“Parla come tà ‘nsegnat tò mader” è un vecchio detto popolare, sottotitolo anche del mio penultimo libro. Letteralmente si traduce “parla come ti ha insegnato tua madre” e significa: parla non troppo ricercato per sembrare colto, ma anche torna alle tue radici. Più si va avanti con gli anni, infatti, più si ripensa spesso alle proprie radici, rivalutandone l’impronta che hanno dato alla nostra vita e la radice più profonda è senza dubbio quella che ci lega alla mamma. Nella mia famiglia, come in moltissime, si parlava solo in dialetto.

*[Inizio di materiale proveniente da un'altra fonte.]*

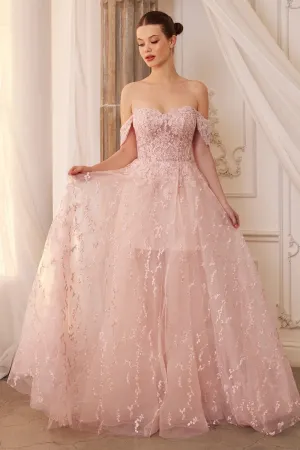 Andrea & Leo A1207 Off the Shoulder Bouquet Lace Prom Gown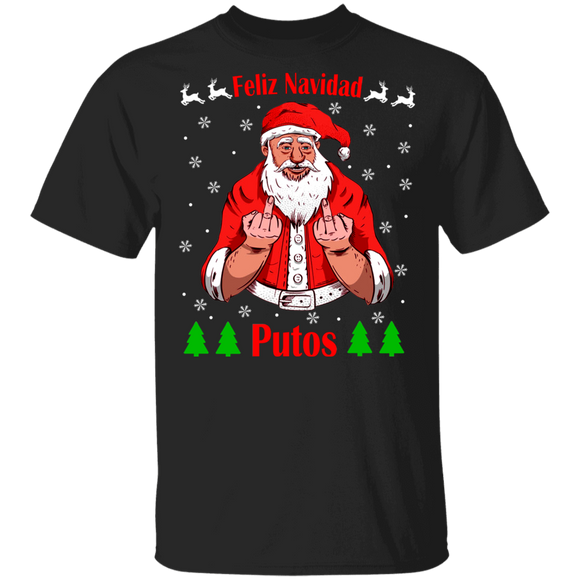 Christmas Santa Shirt Feliz Navidad Putos Funny Christmas Santa Claus Middle Finger Gifts T-Shirt - Macnystore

La nonna, soprattutto, quando provava a parlare in italiano imbastiva un “italiacano”, come dicevamo ironicamente, che ci faceva molto ridere. D’altronde aveva potuto frequentare solo pochi anni la scuola, tra i suoi familiari nessuno conosceva bene l’italiano, pertanto era naturale che lei sapesse parlare con scioltezza solo il dialetto e riusciva a sorprenderci anche con quello! Il dialetto è una lingua in continua evoluzione, per questo parecchie parole che usava quotidianamente mia nonna, non facevano più parte del nostro parlare corrente, erano termini più vecchi e ormai inusuali. Qualche simpatico esempio: l’arancia era “èl portogal”, la forchetta “èl pirù”, le ciabatte “le söbre”.

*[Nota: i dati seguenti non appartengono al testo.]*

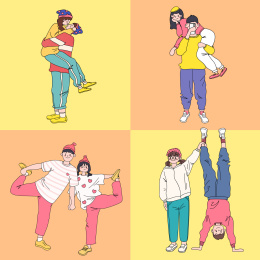 情人节手绘情侣合照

Anche mia mamma, pur conoscendo abbastanza bene l’italiano, per troppa umiltà, si sentiva a disagio a parlarlo con persone più istruite di lei, colpa di un antica mentalità che distingueva nettamente “siòri” e “puorècc”, innestando un senso di inferiorità esagerato nei ceti meno abbienti. Eppure è evidente che, a fronte di scarsa istruzione scolastica, la vecchia saggezza popolare era acuta, sapiente, profonda, sorretta da una fede genuina. Saggezza basata sull’esperienza quotidiana, tramandata di generazione in generazione, che insegnava a districarsi tra condizioni economiche difficili, meglio sopportate facendo volare la fantasia, l’allegria e tanta ironia. Le mamme imparavano a fare di necessità virtù, risparmiando all’inverosimile per arrivare a fine mese senza debiti.

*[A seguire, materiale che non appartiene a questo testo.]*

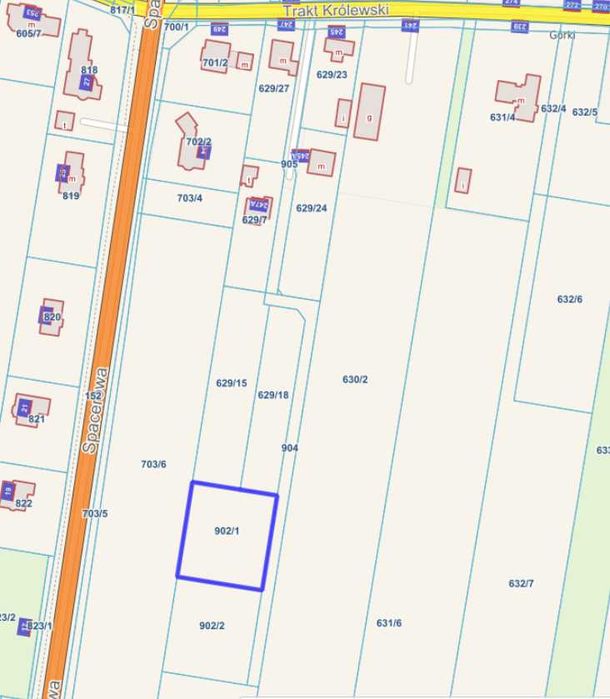 Borzęcin Duży, działka budowlana 1.500 m2 przy ślepej uliczce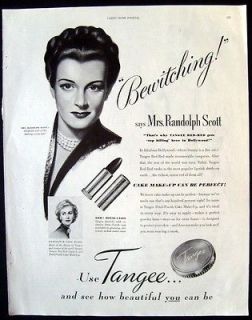 1946 print ad tangee make up mrs randolph scott time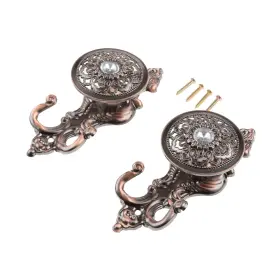Sz070030012601rk-1 Hicello 2pcs Red Copper Crystal Curtain Hold Back Tieback Wall Hook Tassel Decor Poth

Mamme a volte fin troppo pratiche e incapaci di esternare i loro sentimenti, ma brave a testimoniare il loro grande amore in concreto, sacrificando interessi e sogni personali per dedicarsi completamente alla crescita dei figli, alla cura del marito e spesso anche dei genitori e dei suoceri anziani. Ecco allora che questo breve detto, all’apparenza solo scherzoso, nasconde un concetto più profondo, che deve ammonirci a non vergognarsi mai delle nostre origini umili, anzi, ad andarne orgogliosi per quei valori che ci hanno trasmesso e che rimarranno sempre validi. Chi negli anni ha potuto arricchire il proprio bagaglio culturale, dimostra intelligenza e tatto se espone argomenti difficili utilizzando termini semplici, comprensibili a tutti.
Cultura, intelligenza, sensibilità dovrebbero andare di pari passo, ricordandoci sempre che non è ostentando, sia sapienza che ricchezza, che ci si distingue, anzi, come disse Totò :”Signori si nasce, non si diventa…!” Signori dentro ovviamente!!!!